Records excerpted from a collection

....

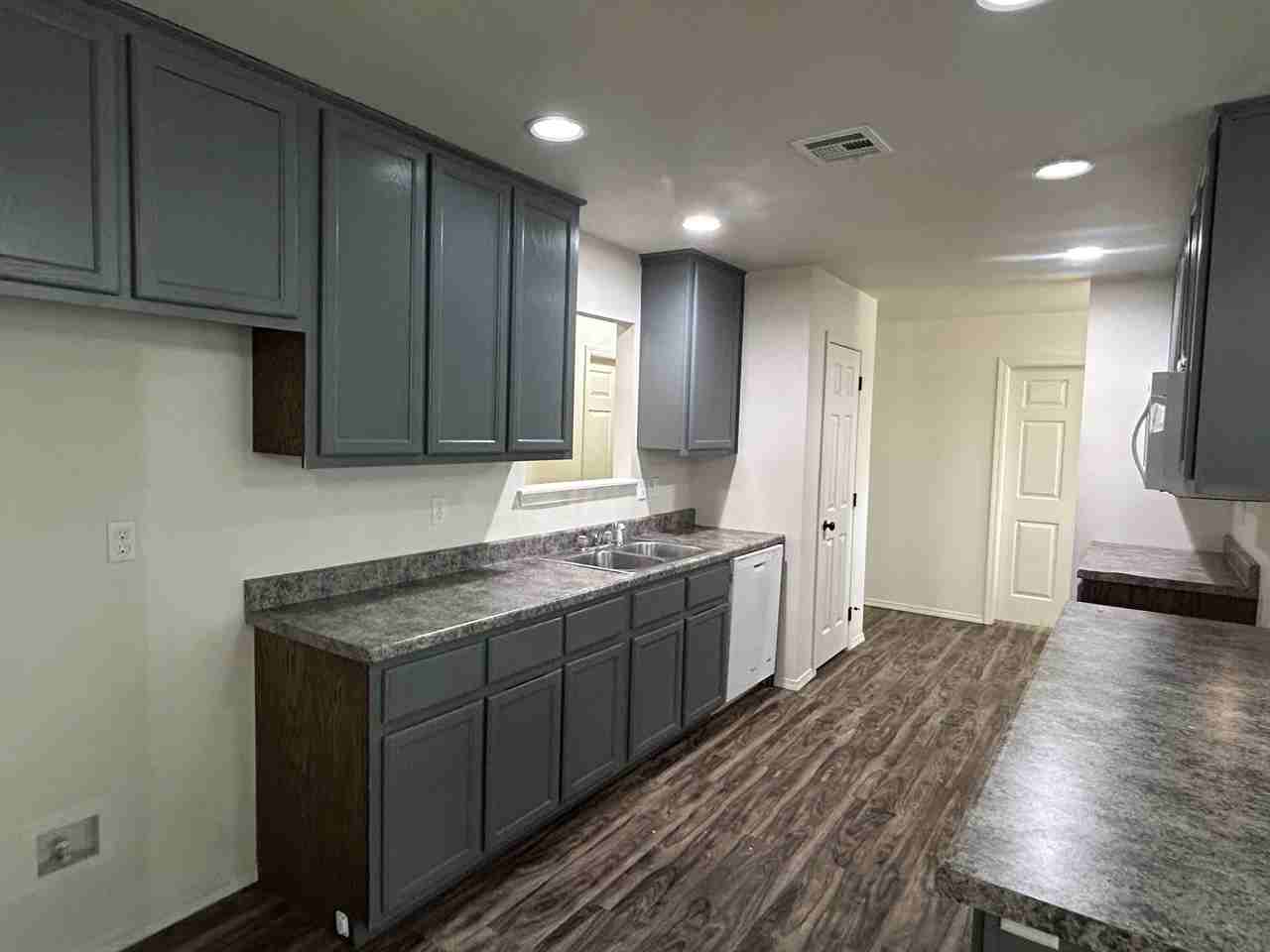 502 S Xanthus Ave - Photo 7 of 24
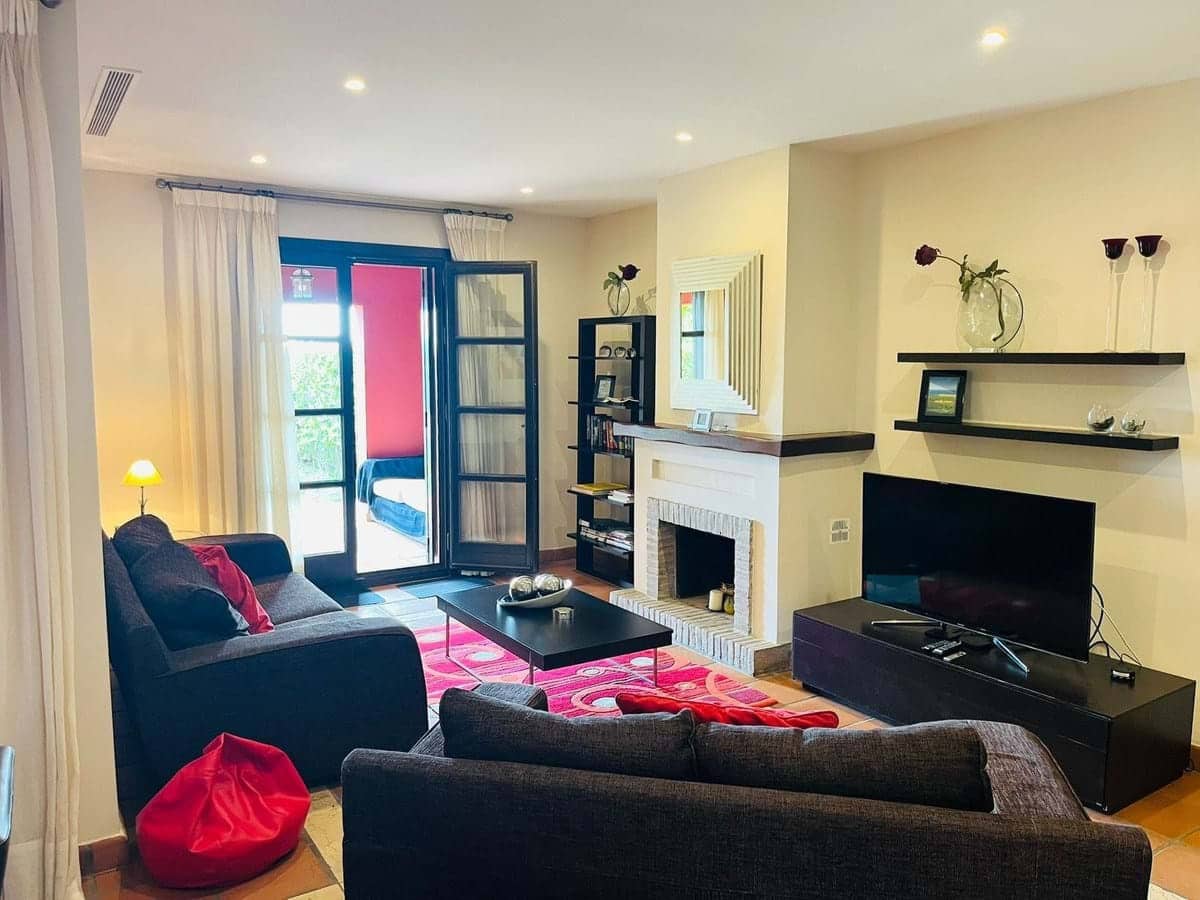 3 soverom Villa til salgs i Cadiz by med svømmebasseng garasje - € 695 000 (Ref: 9143727)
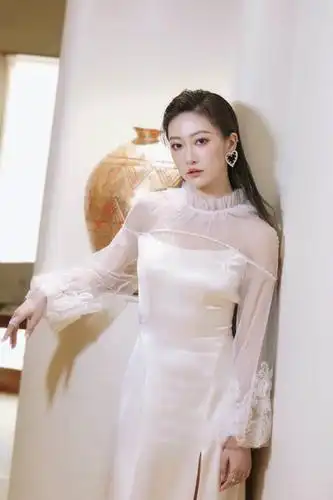 演员余玥亮相时尚盛典 气质优雅仙气十足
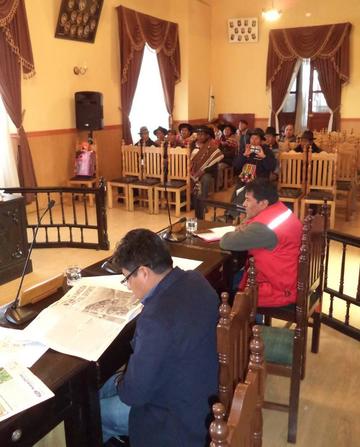 Los comunarios escucharon la sesión del Concejo Municipal.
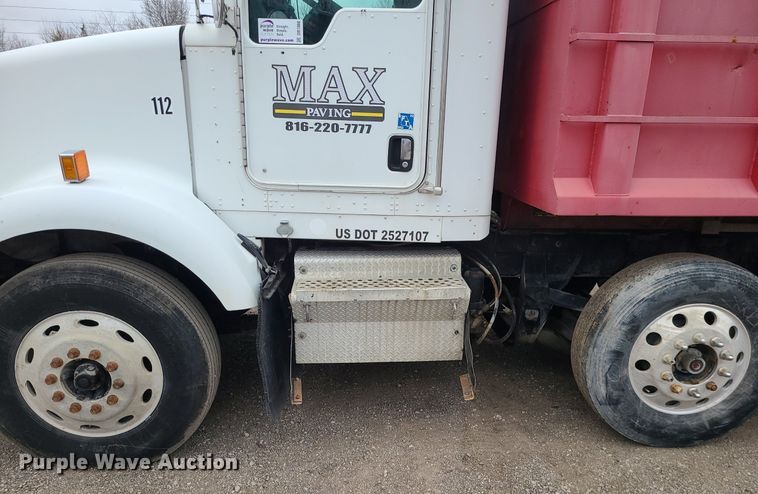 image for item DR7866 2004 Kenworth T800 dump truck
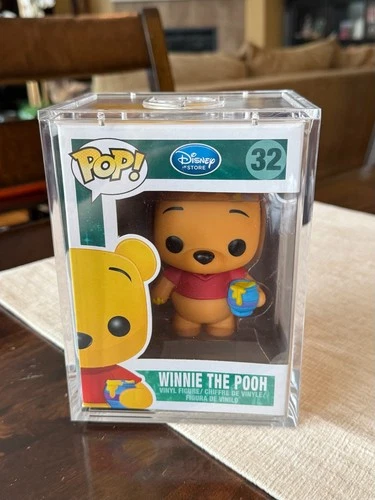 FUNKO POP Disney Winnie the Pooh #32 VAULTED RARE BLUE LABEL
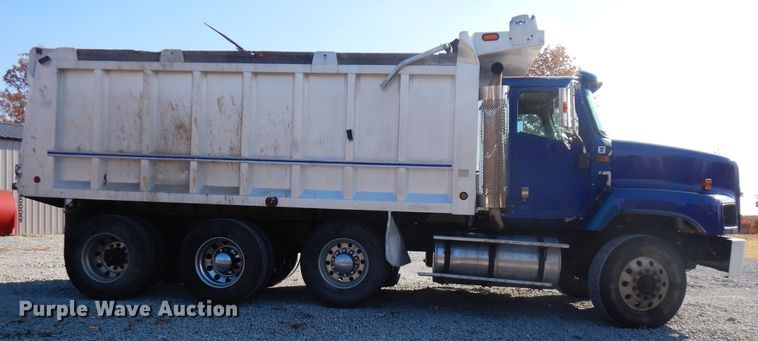 image for item FW9910 2005 International 5600i  dump truck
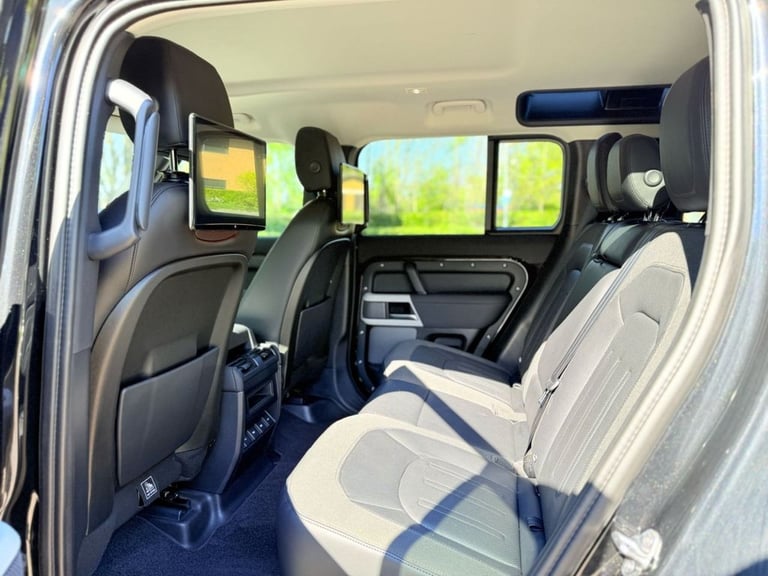 2020 Land Rover Defender 2.0 SD4 SE SUV 5dr Diesel Auto 4WD Euro 6 (s/s) (240 ps) ESTATE Diesel A...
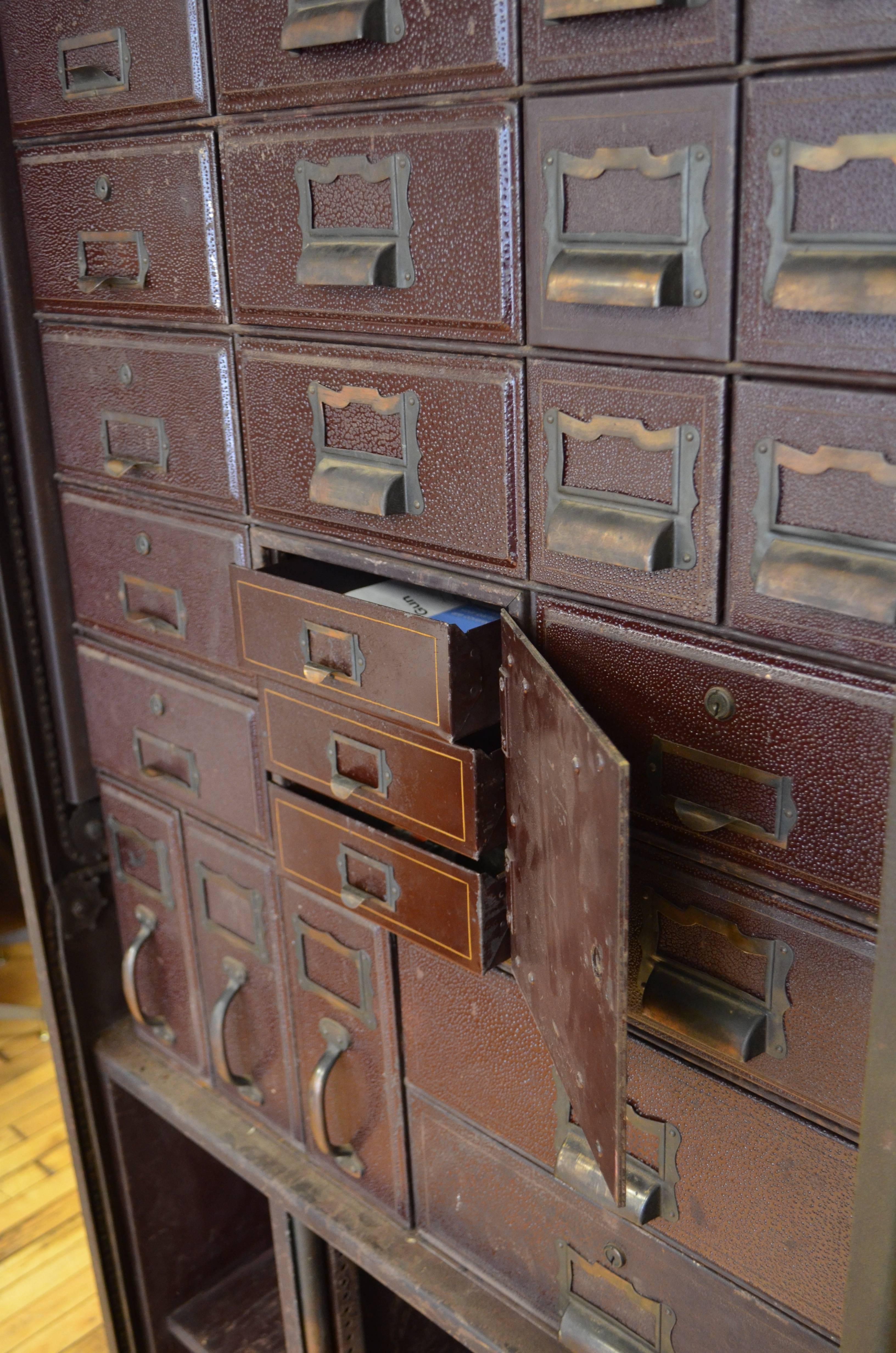 Storage Steel Unit File Cabinet circa 1930s from Midwestern Post Office In Excellent Condition In Madison, WI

....

## WHAT YOU SHOULD DO
The answer must be an exact copy of the entries, with the pictures omitted.

## RESPONSE BELOW
 502 S Xanthus Ave - Photo 7 of 24
 3 soverom Villa til salgs i Cadiz by med svømmebasseng garasje - € 695 000 (Ref: 9143727)
 演员余玥亮相时尚盛典 气质优雅仙气十足
 Los comunarios escucharon la sesión del Concejo Municipal.
 image for item DR7866 2004 Kenworth T800 dump truck
 FUNKO POP Disney Winnie the Pooh #32 VAULTED RARE BLUE LABEL
 image for item FW9910 2005 International 5600i  dump truck
 2020 Land Rover Defender 2.0 SD4 SE SUV 5dr Diesel Auto 4WD Euro 6 (s/s) (240 ps) ESTATE Diesel A...
 Storage Steel Unit File Cabinet circa 1930s from Midwestern Post Office In Excellent Condition In Madison, WI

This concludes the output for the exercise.